Tag Archives: Jordan Peterson

Making Senses Out of Scripture

According to the Wall Street Journal, Bible sales are “booming,” up 22% from the same time last year.  There are a variety of reasons why this is the case, but one of the major reasons is that the one of the most famous public intellectuals of the day, Dr. Jordan Peterson, has made the Bible compelling for a lot of people through his lectures and his newest book, We Who Wrestle with God.  For anyone who has listened to or read Dr. Peterson, it is clear that he has a gift of seeing the moral meaning of a text and presenting it in a way that makes it relevant to the audience.  While this might increase interest in the Bible, there is a great danger that it will lead people away from Faith.

To be fair, it is clear that Dr.
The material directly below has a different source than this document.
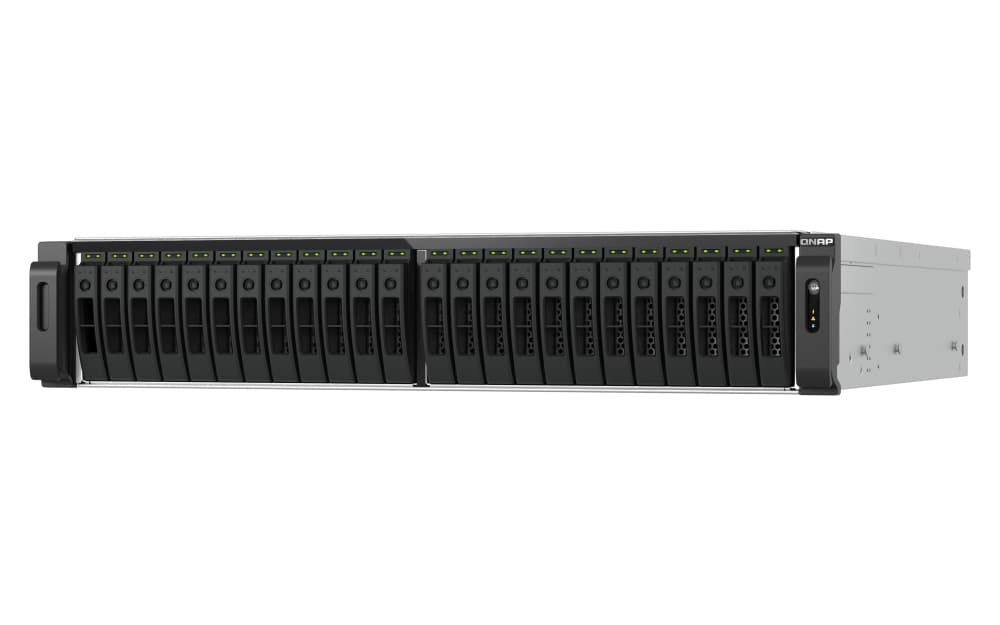 QNAP TS-H3077AFU-R7 - Servidor NAS - 30 baias - montável em bastidor - SATA 6Gb/s - RAID (expansão de disco rígido) 0, 1, 5, 6, 10, 50, 60, JBOD - RAM 64 GB - 2.5 Gigabit Ethernet / 10 Gigabit Ethernet - iSCSI assistência - 2U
Peterson is wrestling with the texts in real time (thus the name of his book) and in a public fashion.  He believes that the Bible is true, or as he puts it, “more true than just true” and forms the “precondition for the manifestation of truth.”  But what he doesn’t believe is that it is inspired.  Instead, in true Jungian fashion, he thinks that it is best explained by the collective unconscious (pp.103-104 We Who Wrestle with God).

Why Inspiration Matters

It is not necessarily expected that a man who has not yet found the Faith would believe that the text is inspired, but anyone who is going to truly plumb the depths of its meaning must accept this as a precondition.  It is an assumption that the Author Himself expects the reader to make and it is an assumption that Dr. Peterson himself should make.  He should place himself in the seat of the intended audience and see the text come alive.
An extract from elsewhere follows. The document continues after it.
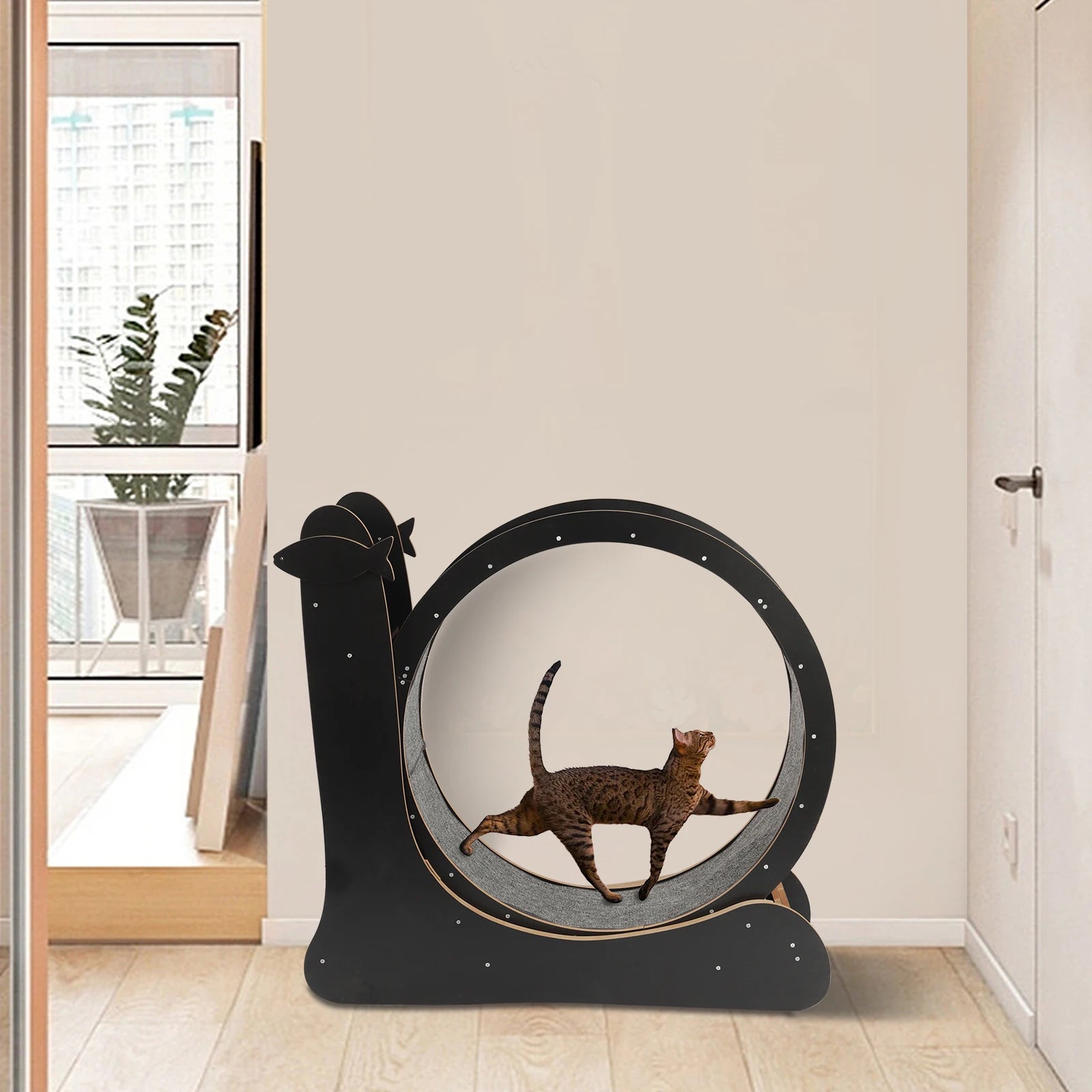 Furniture and Climbing Tool Black Cat Exercise Wheel for Cat, Large Cat Treadmill with Carpeted Runway, Kitty Cat Sport Toy, Fitness Weight Loss Device for Cats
Inspiration essentially means that God is the primary author of Sacred Scripture.  He uses human authors as secondary instruments, but those authors using their own language, always say exactly what God wants them to say.  Why this matters becomes clear when we turn to the Angelic Doctor’s Disputed Questions (VII, Q.6, art.1):

“the author of Scripture, namely the Holy Spirit, is not only the author of words but also of things. Hence not only can he accommodate words to signify something, but also he can arrange things to be the figure of something else. And according to this, truth is manifested in two ways in Sacred Scripture: one way is how things are signified through words, and in this consists the literal sense; another way is how things are figures of other things, and the spiritual sense consists in this.”

When a human author writes a story, he uses words to symbolize things.  God is not hamstrung like a human author.  When He writes a story, He uses not only words but also events.  He does not need to make up stories to write them down, He can simply make the events in the story happen.  These same events can then have a deeper meaning.  These means truth can be manifested in both the event itself and the meaning of the event.
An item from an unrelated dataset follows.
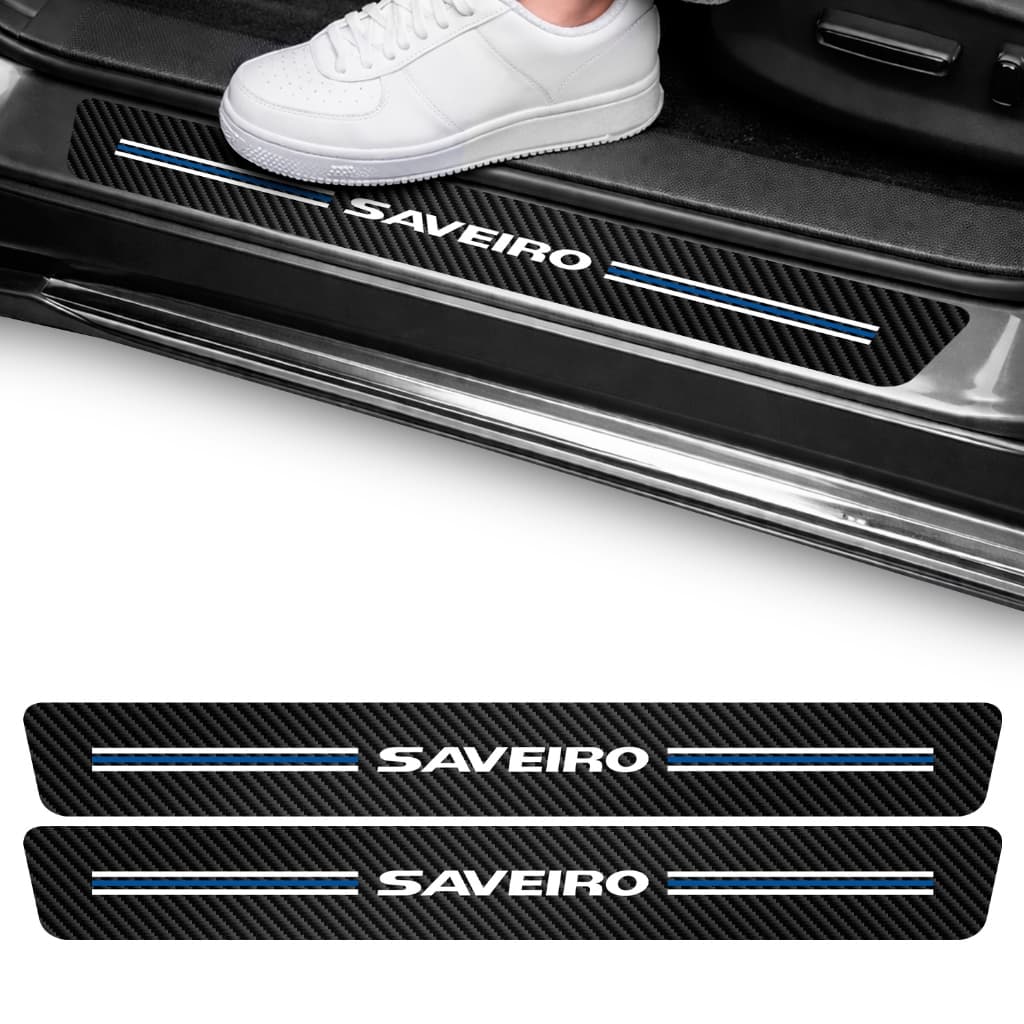 Kit Soleira Saveiro Adesivo Proteção Vinil Carro G5 G6 G7 G8 Pickup Protetor Porta 2 Portas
An example from Scripture itself will make this clearer.  In writing to the Galatians, St. Paul says the following:

“For it is written that Abraham had two sons, one by a slave woman and the other by a free woman. One, the child of the slave, was born according to the flesh; the other, the child of the free woman, was born through the promise. Now this is an allegory: these women are two covenants. One woman, in fact, is Hagar, from Mount Sinai, bearing children for slavery. Now Hagar is Mount Sinai in Arabia and corresponds to the present Jerusalem, for she is in slavery with her children.  But the other woman corresponds to the Jerusalem above; she is free, and she is our mother.”

St. Paul takes the actual historical event and circumstances around Abraham and his two sons (literal sense) and deciphers the meaning of those events (spiritual sense).  Each son represents a covenant.  But just because they represent something else does not mean they did not actually exist and that those things did not actually happen.  This is what Peterson struggles to grasp and therefore posits that the collective unconscious grasped the deeper truth and made up the story to demonstrate it.

Before discussing the problem with this approach, it is worthwhile to understand more fully the Four Senses of Scripture.  The literal sense is the meaning of the words themselves.  Every passage has a literal sense and we should always start with the literal before attempting to understand the spiritual sense.  The spiritual sense is broken down into three elements: the allegorical, the moral and the anagogical.  The allegorical sense is how the passage relates to Christ or the Church.  It probably the most oft used in Scripture, especially the Old Testament, because every word of the Bible points to the Word Made Flesh.  The moral sense is the sense in which they are commands to govern our actions and train us for righteousness (1Tim 3:16).  Finally, there is the anagogical sense which points towards eternity.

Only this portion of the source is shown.